Work item: Once the line holding "1026 N Genesee Ave #9 — Photo 12" is found in the entries below, restate it and each line after it word for word, with no pictures.

Data for the task:
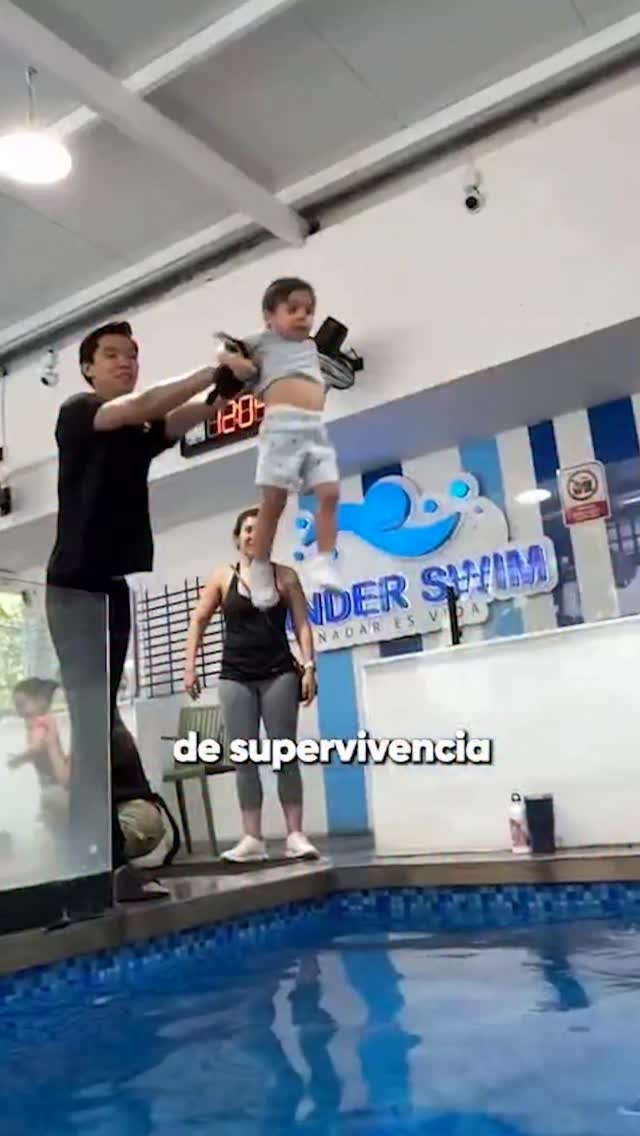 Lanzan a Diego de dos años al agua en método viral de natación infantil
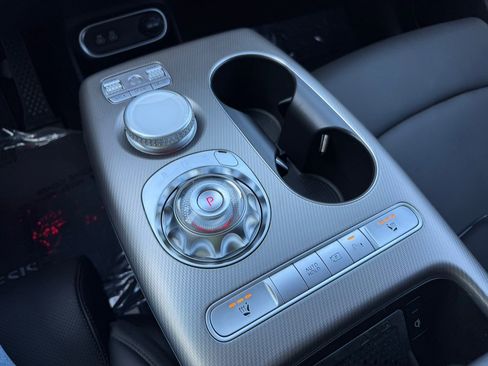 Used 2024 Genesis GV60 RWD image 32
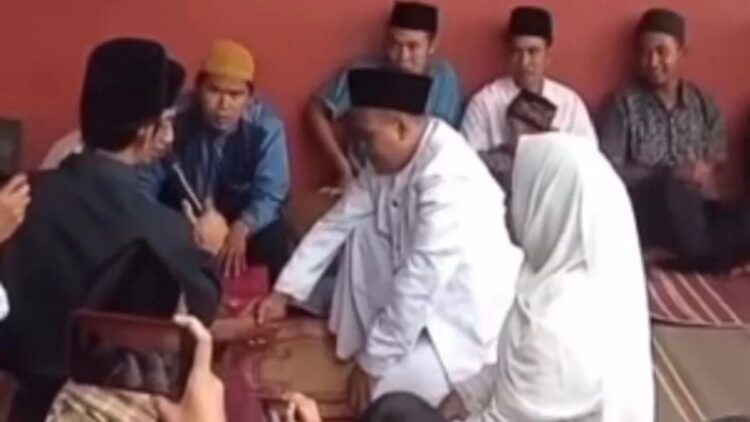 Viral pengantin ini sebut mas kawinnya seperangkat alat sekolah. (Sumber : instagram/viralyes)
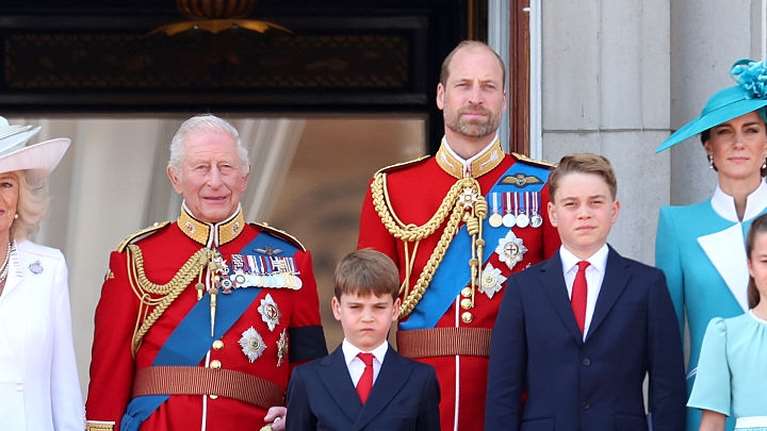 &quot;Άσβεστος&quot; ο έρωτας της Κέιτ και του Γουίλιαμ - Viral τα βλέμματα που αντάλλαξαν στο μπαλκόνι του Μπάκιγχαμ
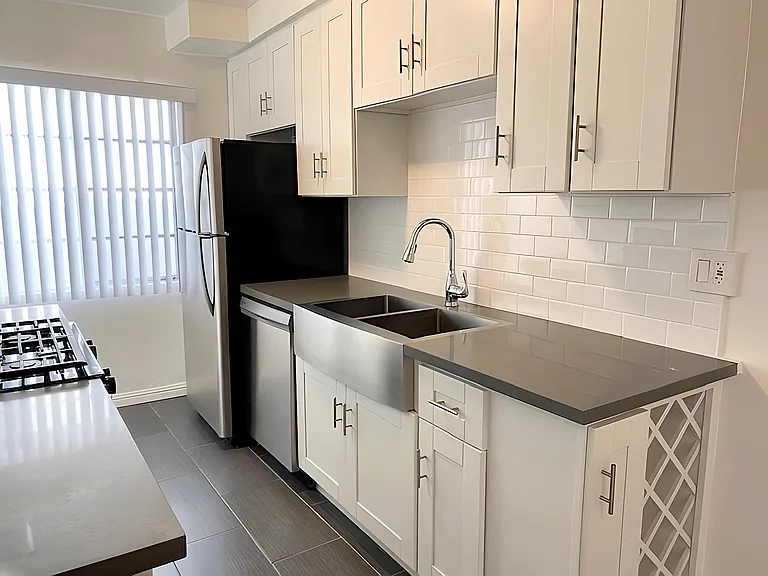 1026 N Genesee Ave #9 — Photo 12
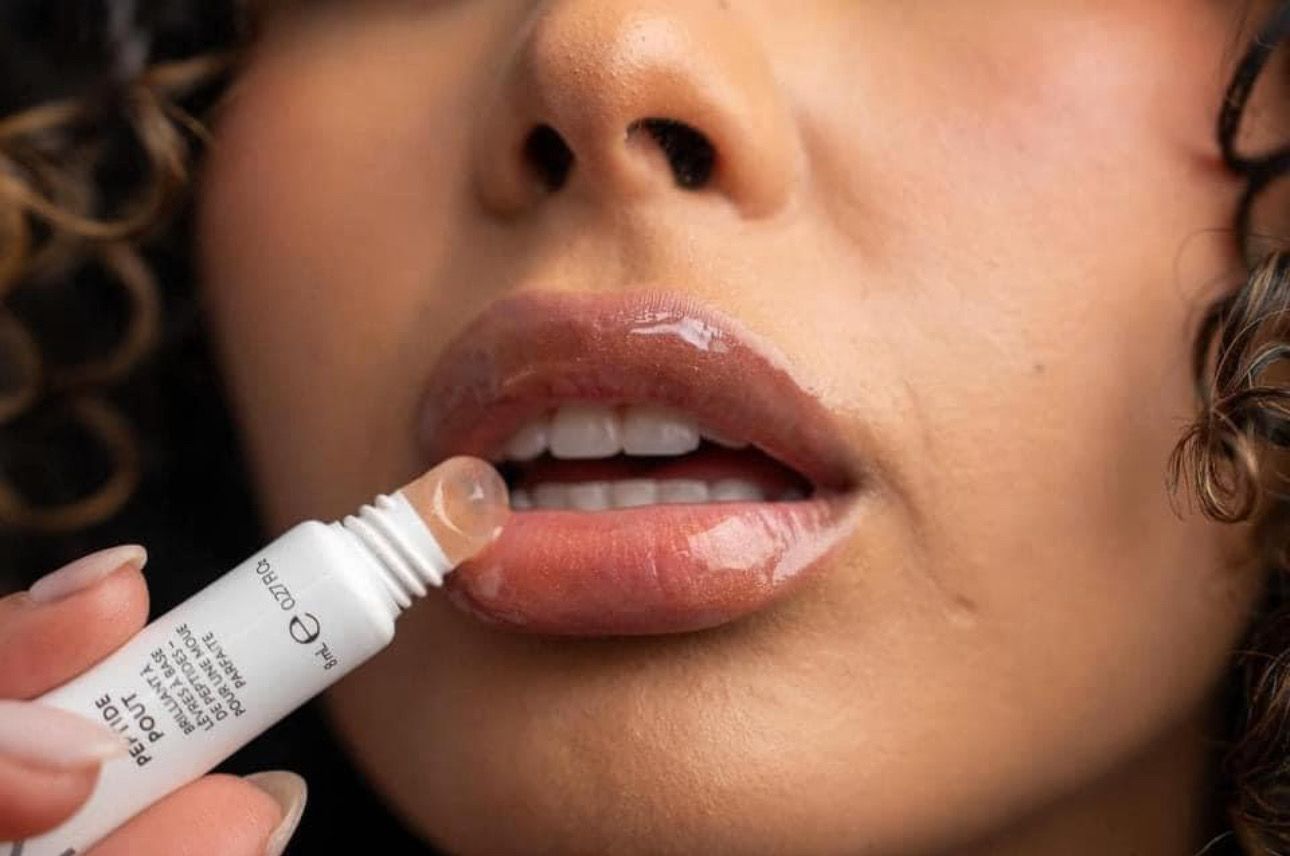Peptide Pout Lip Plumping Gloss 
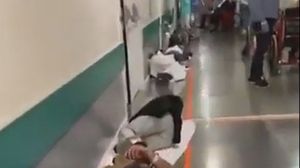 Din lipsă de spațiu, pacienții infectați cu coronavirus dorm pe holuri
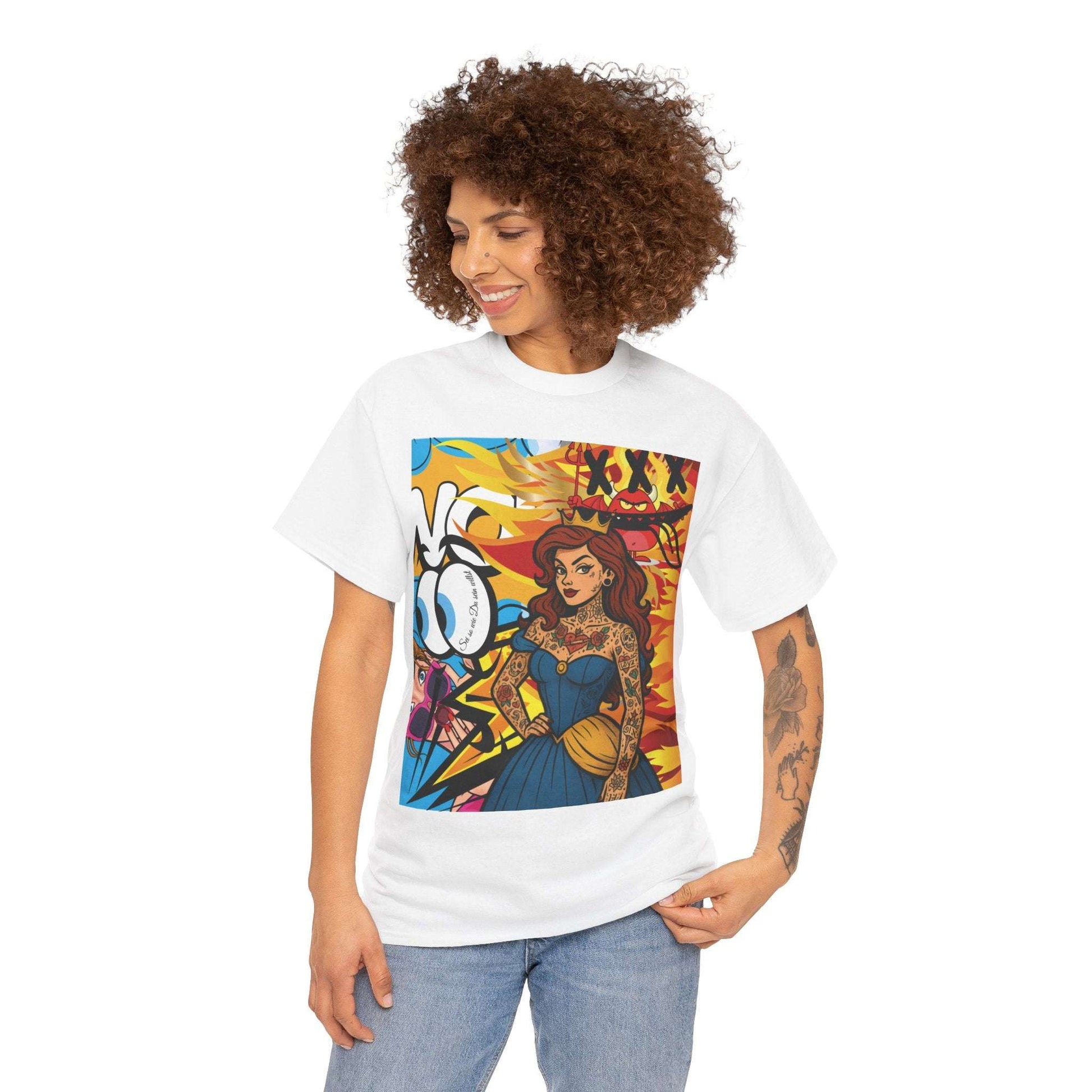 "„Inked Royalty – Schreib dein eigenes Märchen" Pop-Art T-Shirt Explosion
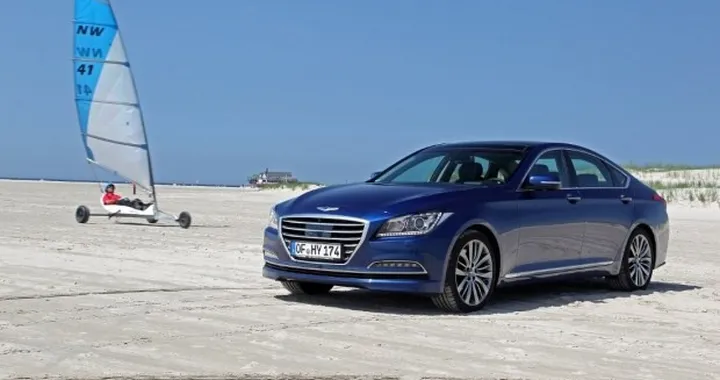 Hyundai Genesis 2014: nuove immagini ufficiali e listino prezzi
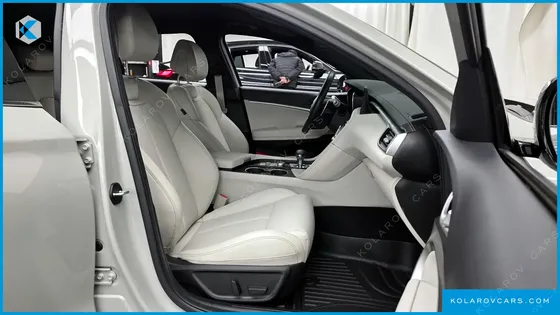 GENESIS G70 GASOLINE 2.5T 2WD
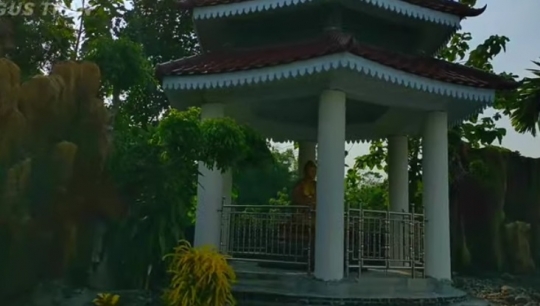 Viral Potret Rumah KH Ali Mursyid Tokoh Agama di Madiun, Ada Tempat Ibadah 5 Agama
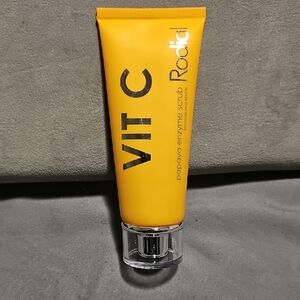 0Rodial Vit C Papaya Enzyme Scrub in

Answer to this exercise:
 1026 N Genesee Ave #9 — Photo 12
Peptide Pout Lip Plumping Gloss 
 Din lipsă de spațiu, pacienții infectați cu coronavirus dorm pe holuri
 "„Inked Royalty – Schreib dein eigenes Märchen" Pop-Art T-Shirt Explosion
 Hyundai Genesis 2014: nuove immagini ufficiali e listino prezzi
 GENESIS G70 GASOLINE 2.5T 2WD
 Viral Potret Rumah KH Ali Mursyid Tokoh Agama di Madiun, Ada Tempat Ibadah 5 Agama
 0Rodial Vit C Papaya Enzyme Scrub in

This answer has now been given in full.